Input records START
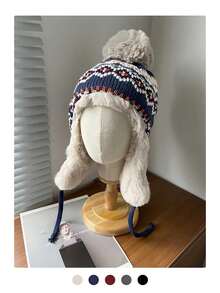 1顶复古提花针织帽，女士保暖保暖内衬飞行员帽/乌沙卡帽，适合冬季骑行滑雪，加厚针织帽带绒球 - 彩色 - 查看 17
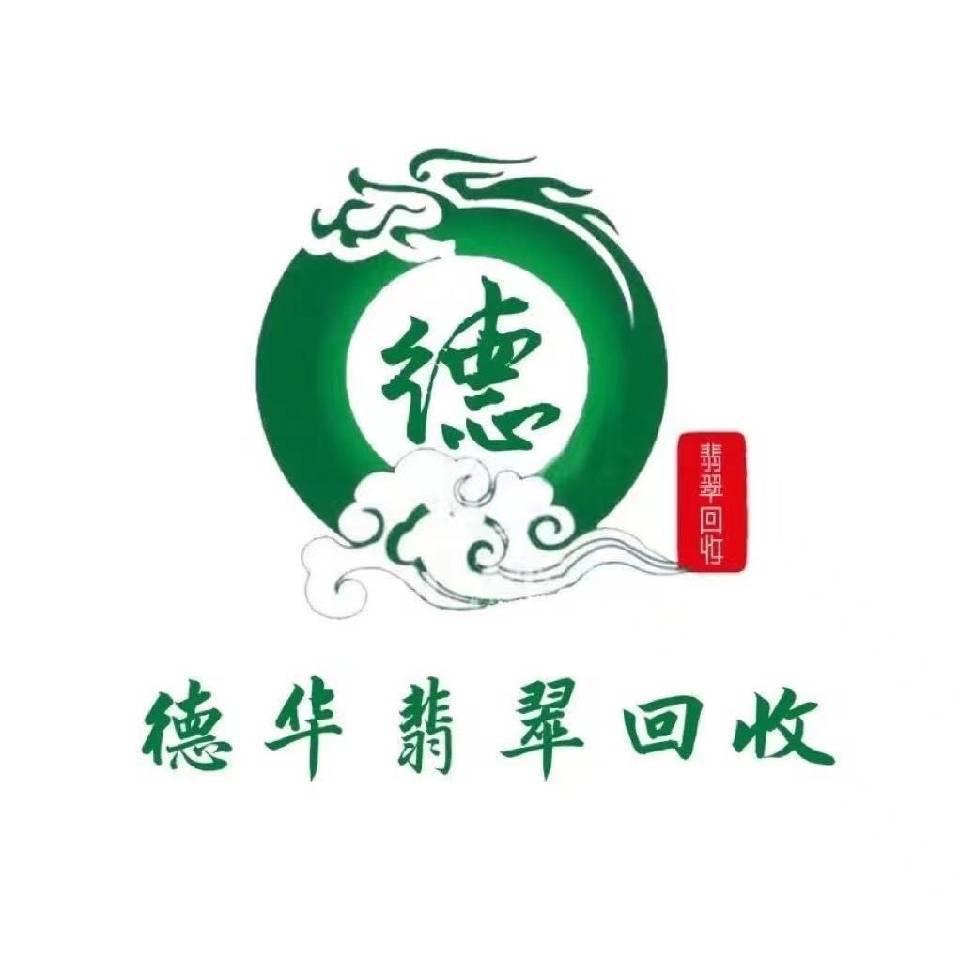 华哥翡翠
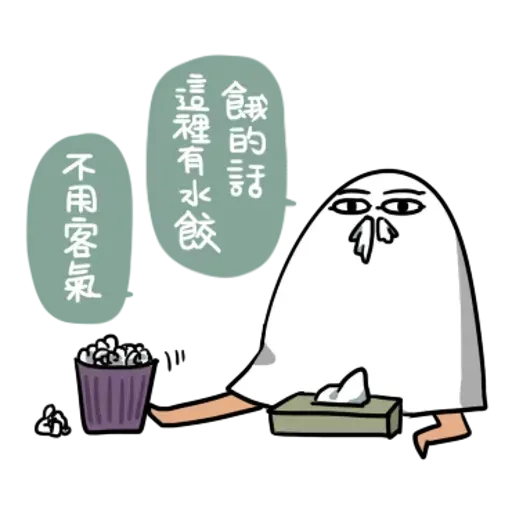 Whit lazy thing 3 - Sticker 9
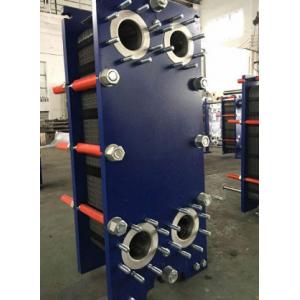 China Steel Carbon Frame Gasketed Plate Heat Exchanger Bt Series Blue Color For Swimming Pool wholesale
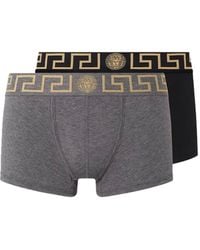 Versace - Bipack Boxer - Lyst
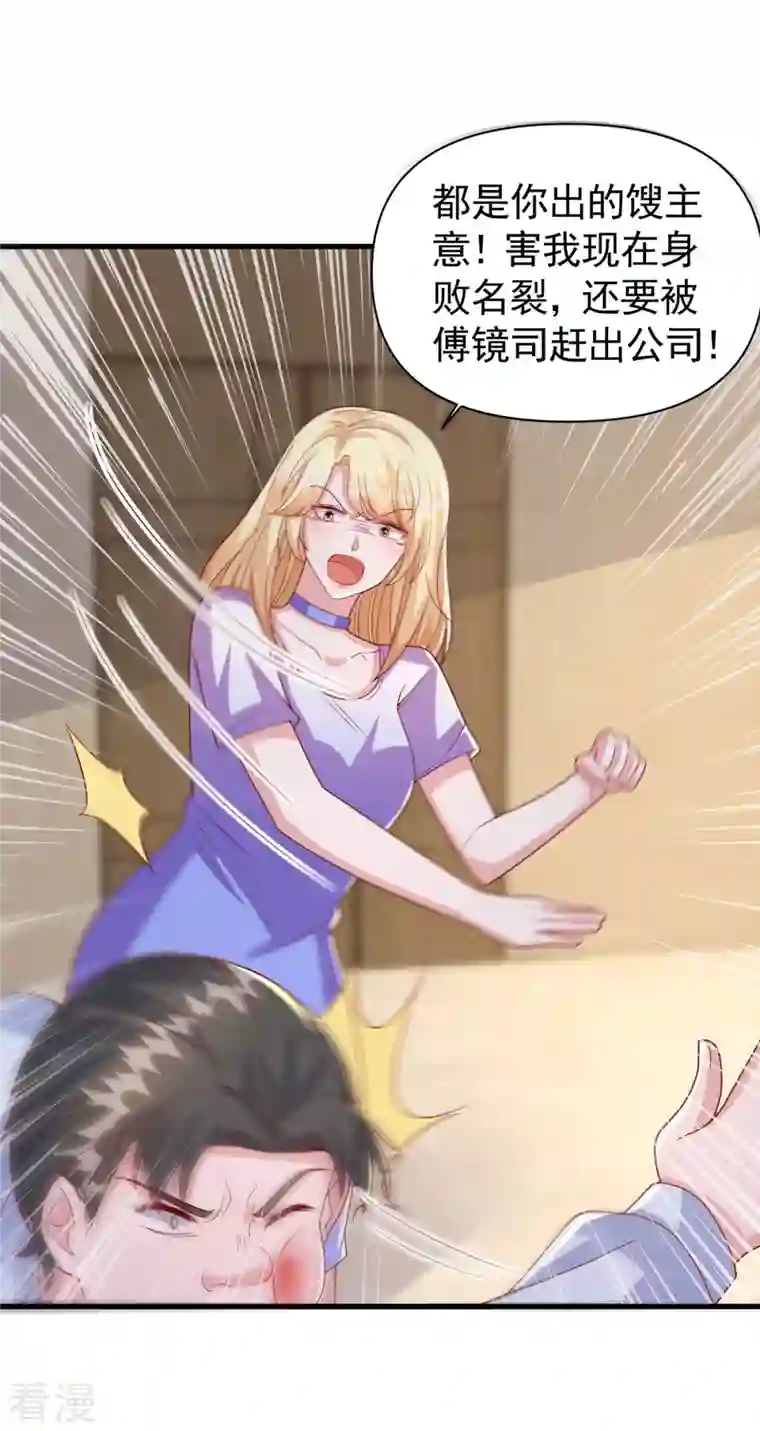 大佬叫我小祖宗第122话 一时口嗨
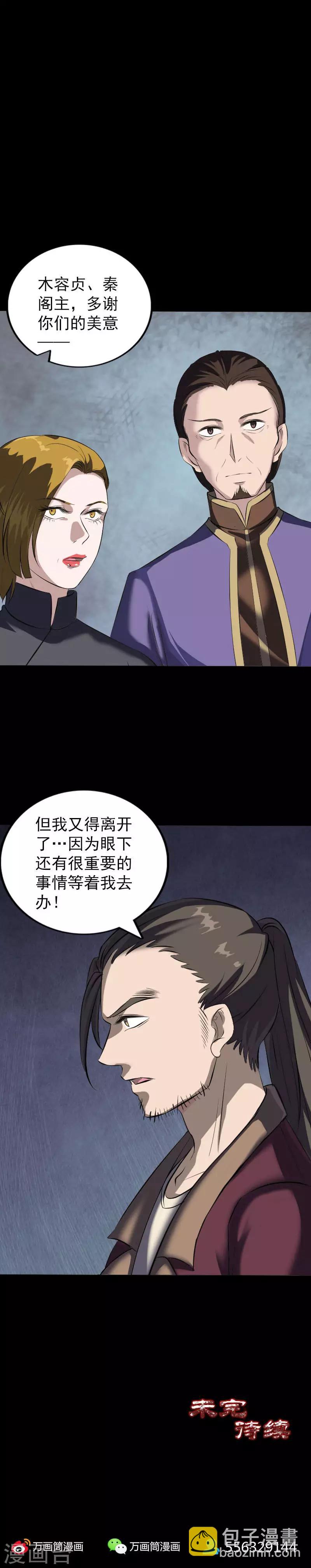 兇棺 - 第274話 - 1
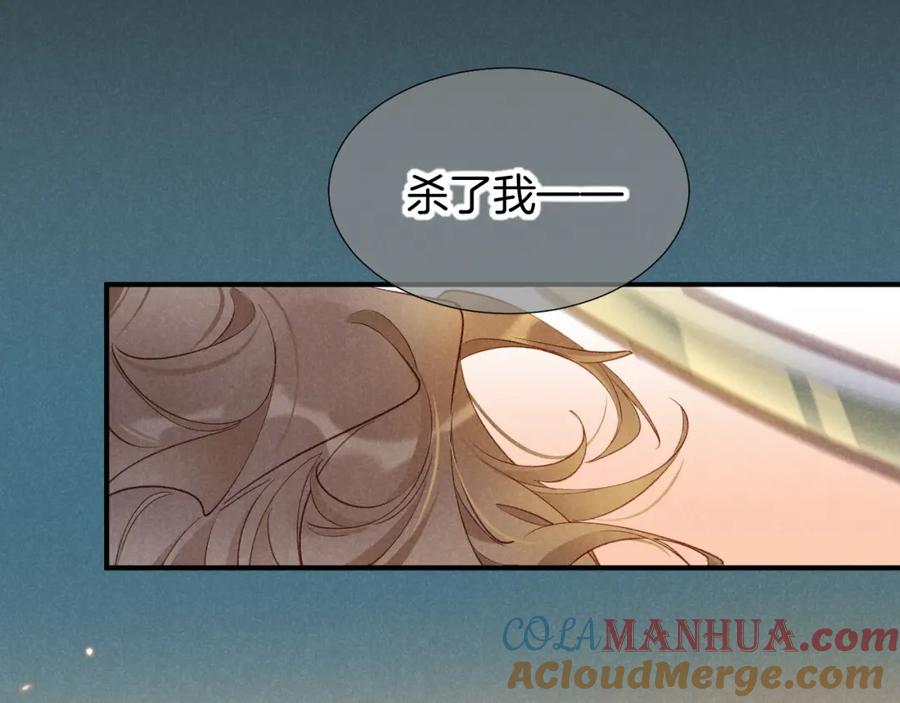 再见，我的国王 第62话 瞒天过海 第41页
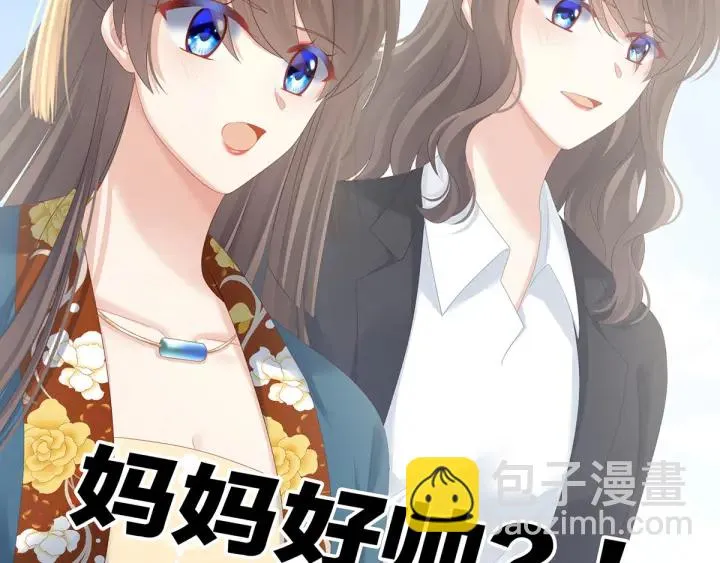 第157话 十全大补汤 第10页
Input records END
Assigned task: Reproduce each line of the records exactly, and omit every picture.

Answer to this problem:
 1顶复古提花针织帽，女士保暖保暖内衬飞行员帽/乌沙卡帽，适合冬季骑行滑雪，加厚针织帽带绒球 - 彩色 - 查看 17
 华哥翡翠
 Whit lazy thing 3 - Sticker 9
 China Steel Carbon Frame Gasketed Plate Heat Exchanger Bt Series Blue Color For Swimming Pool wholesale
 Versace - Bipack Boxer - Lyst
 大佬叫我小祖宗第122话 一时口嗨
 兇棺 - 第274話 - 1
 再见，我的国王 第62话 瞒天过海 第41页
 第157话 十全大补汤 第10页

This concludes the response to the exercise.